Monday, March 17, 2014

Happy Saint Patrick's Day!

Happy Saint Patrick's Day everybody!

I've tried in fits and starts to have a tradition of writing and posting a St. Patrick's Day joke each year.

This is my record so far:
2010  (actually in 2011)
2012:  missed

This is my attempt for 2014:

We've all heard that St.
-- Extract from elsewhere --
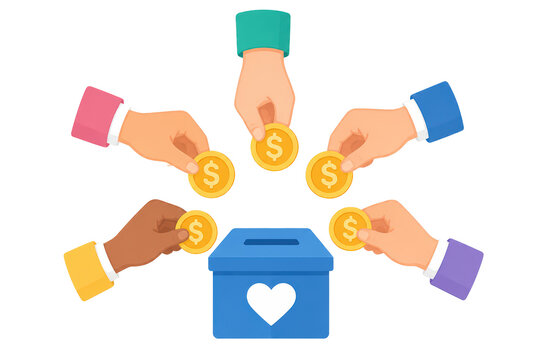 Hands donating coins to charity box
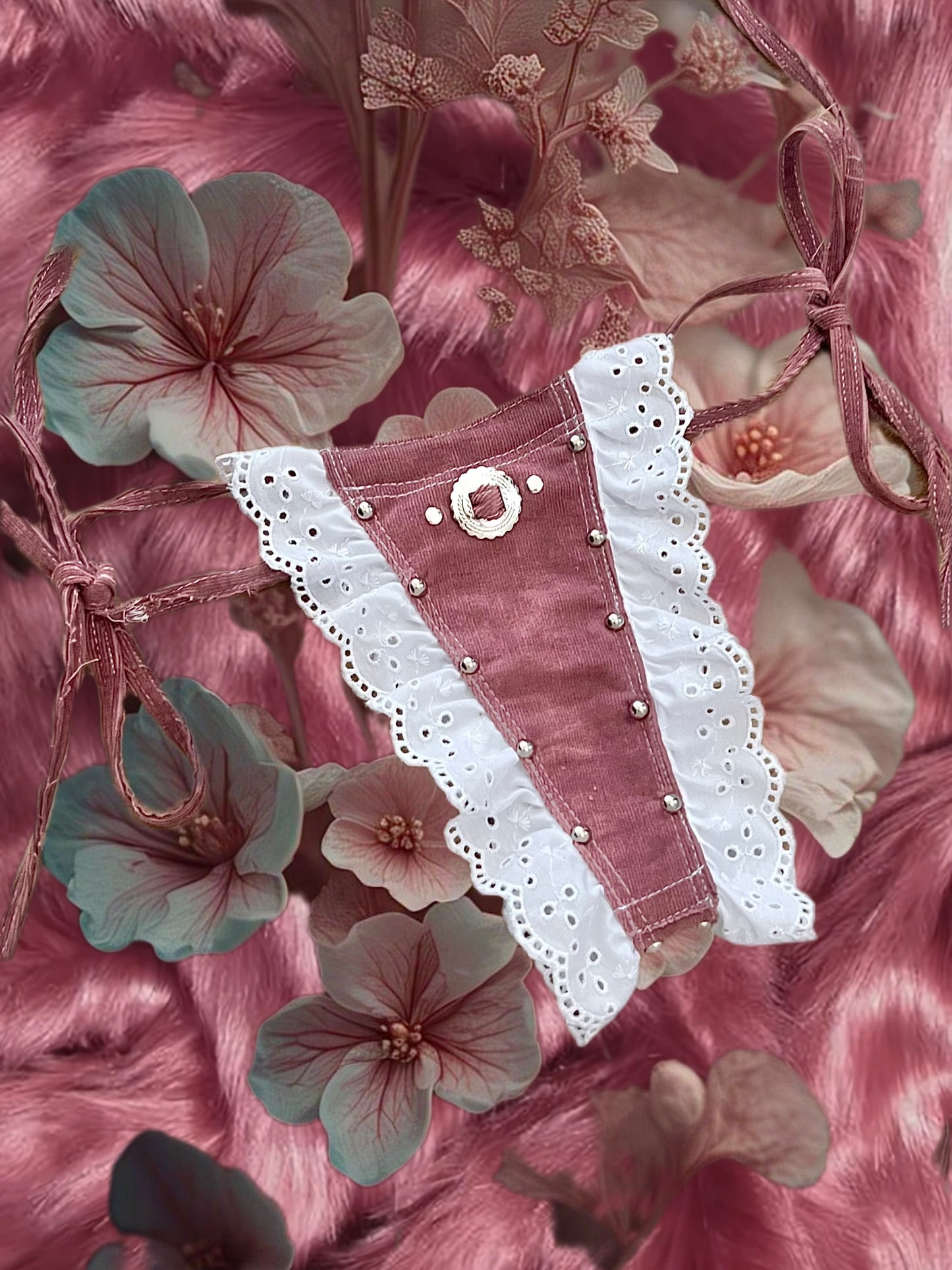 Mauve Corduroy Lace Thong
Patrick drove all the snakes out of Ireland, but did you know that the snakes themselves have always wanted to go back.

The snakes felt they got a raw deal and were unfairly discriminated against, victims of species profiling.  After several years of exile they decided to get together and figure out how to return to their beloved homeland.

They rented a conference room at a Ramada in Chicago and held a huge convention.  All day long the met and discussed.  Imagine if you will a huge conference room filled with snakes, green as the emerald isle itself, all hissing in a thick Irish brogue.

By the end of the conference they had worked themselves into quite a lather, every one of them spitting mad at the one man who had done them all wrong.  Every one of those snakes was ready to strike, all except one, Sean O'Shea.

Sean sat quietly curled up on a beautiful box he had brought with him.  Eventually all the other snakes turned to look at him in confusion.

"Why is it, Sean O'Shea that yer not angry at Patrick, the man who drove us out?  Don't you love Ireland?"

"Aye, I love Ireland same as you all.  I love the land, the green, the people, but most of all I love the music.  I've always loved the music, the jigs, the reels, the hornpipes, the ballads, and the laments.

"I've always loved the fiddle, the uileann pipes, the flute, the concertina and the badhrans.  All me life I've wanted to play in an Irish band.

"One fine spring day I was making me way through the glen when I spied a wee little man.  Quick as a wink I coiled round him, cuz I knew right then, he was a leprechaun.

"I got yeh, leprechaun, sez I.  Now yeh got to give me yer crock o' gold.

"'Oh, ya got me sure and fast.' Sez he.  'You must be the quickest and smartest snake in all of Ireland.'

"'I am.' Sez I, 'I'm Sean O'Shea.'

"'Ah, Sean O'Shea, you say?' sez he, 'Not THE Sean O'Shea, the snake who wants to play in an Irish band?'

"'The same,' sez I.

"'Well,' sez he, 'I think I might have somethin' even more to yer likin' than me wee crock o' gold.  How would you like a magic concertina?'

"What use have such as I with no hands, for any concertina?' sez I.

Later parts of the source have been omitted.